Interconnect
support of MPI-2 functionality |
 |
HP-MPI has been tested on InfiniBand clusters with as many
as 2048 ranks using the VAPI protocol. Most HP-MPI features function
in a scalable manner. However, a few are still subject to significant
resource growth as the job size grows.
Table 3-4 Scalability
| Feature | Affected Interconnect/Protocol | Scalability Impact |
|---|
| spawn | All | Forces use of pairwise socket connections between
all mpid’s (typically one mpid per machine) |
| one-sided shared lock/unlock | All except VAPI and IBV | Only VAPI and IBV provide low-level calls to
efficiently implement shared lock/unlock. All other interconnects
require mpid’s to satisfy this feature. |
| one-sided exclusive lock/unlock | All except VAPI, IBV, and Elan | VAPI, IBV, and Elan provide low-level calls
which allow HP-MPI to efficiently implement exclusive lock/unlock.

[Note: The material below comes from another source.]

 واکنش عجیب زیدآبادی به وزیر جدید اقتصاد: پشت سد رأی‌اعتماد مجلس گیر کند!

All other interconnects require mpid’s to satisfy this
feature. |
| one-sided other | TCP/IP | All interconnects other than TCP/IP allow HP-MPI
to efficiently implement the remainder of the one-sided functionality.

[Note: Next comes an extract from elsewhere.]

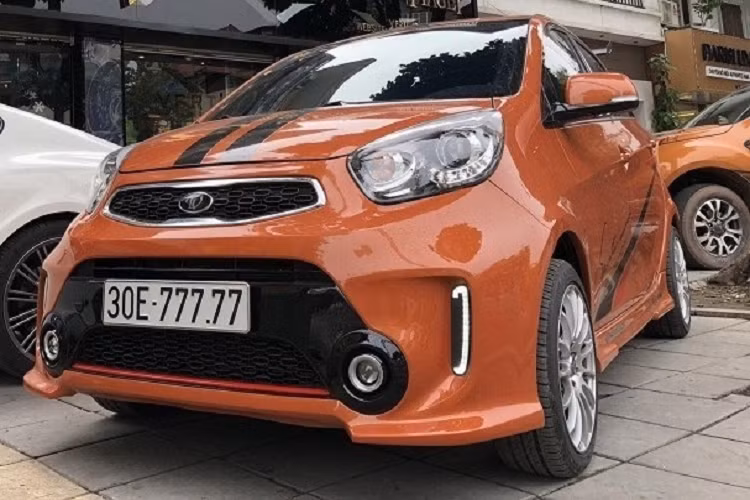 Các doanh nhân Việt thường rất thích xe Rolls-Royce, Tùng "Vàng", cũng không ngoại lệ khi từng sở hữu 1 chiếc xe siêu sang Rolls-Royce Ghost màu trắng, ngoài ra là 1 chiếc coupe siêu sang Bentley Continental GT Speed màu trắng. Rolls-Royce Ghost thế hệ đầu tiên được trang bị động cơ V12, dung tích 6,6 lít, tăng áp kép, cho công suất tối đa 562 mã lực và mô-men xoắn cực đại 780 Nm.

Only when using TCP/IP are mpid’s required to satisfy this
feature. |
Resource
usage of TCP/IP communication |
 |
HP-MPI has also been tested on large Linux TCP/IP clusters
with as many as 2048 ranks. Because each HP-MPI rank creates a socket connection
to each other remote rank, the number of socket descriptors required
increases with the number of ranks. On many Linux systems, this
requires increasing the operating system limit on per-process and system-wide
file descriptors.
The number of sockets used by HP-MPI can be reduced on some
systems at the cost of performance by using daemon communication.
In this case, the processes on a host use shared memory to send
messages to and receive messages from the daemon. The daemon, in
turn, uses a socket connection to communicate with daemons on other
hosts. Using this option, the maximum number of sockets opened by
any HP-MPI process grows with the number of hosts used by the MPI
job rather than the number of total ranks.
To use daemon communication, specify the -commd option
in the mpirun command. Once you have set the -commd option,
you can use the MPI_COMMD environment variable to
specify the number of shared-memory fragments used for inbound and
outbound messages.Refer to “mpirun ” and “MPI_COMMD” for
more information. Daemon communication can result in lower application performance.
Therefore, it should only be used to scale an application to a large
number of ranks when it is not possible to increase the operating system
file descriptor limits to the required values.
Resource
usage of RDMA communication modes |
 |
When using InfiniBand or GM, a certain amount of memory is
pinned, which means it is locked to physical memory and cannot be
paged out. The amount of pre-pinned memory HP-MPI uses can be adjusted
using several tunables, such as MPI_RDMA_MSGSIZE, MPI_RDMA_NENVELOPE, MPI_RDMA_NSRQRECV,
and MPI_RDMA_NFRAGMENT.
By default when the number of ranks is less than or equal
to 512, each rank will pre-pin 256k per remote rank; thus making
each rank pin up to 128Mb. If the number of ranks is above512 but
less than or equal to 1024, then each rank will only pre-pin 96k per
remote rank; thus making each rank pin up to 96Mb. If the number of
ranks is over 1024, then the 'shared receiving queue' option is
used which reduces the amount of pre-pinned memory used for each
rank to a fixed 64Mb regardless of how many ranks are used.
HP-MPI also has a safeguard variables MPI_PHYSICAL_MEMORY and MPI_PIN_PERCENTAGE which
set an upper bound on the total amount of memory an HP-MPI job will
pin. An error will be reported during startup if this total is not
large enough to accommodate the pre-pinned memory.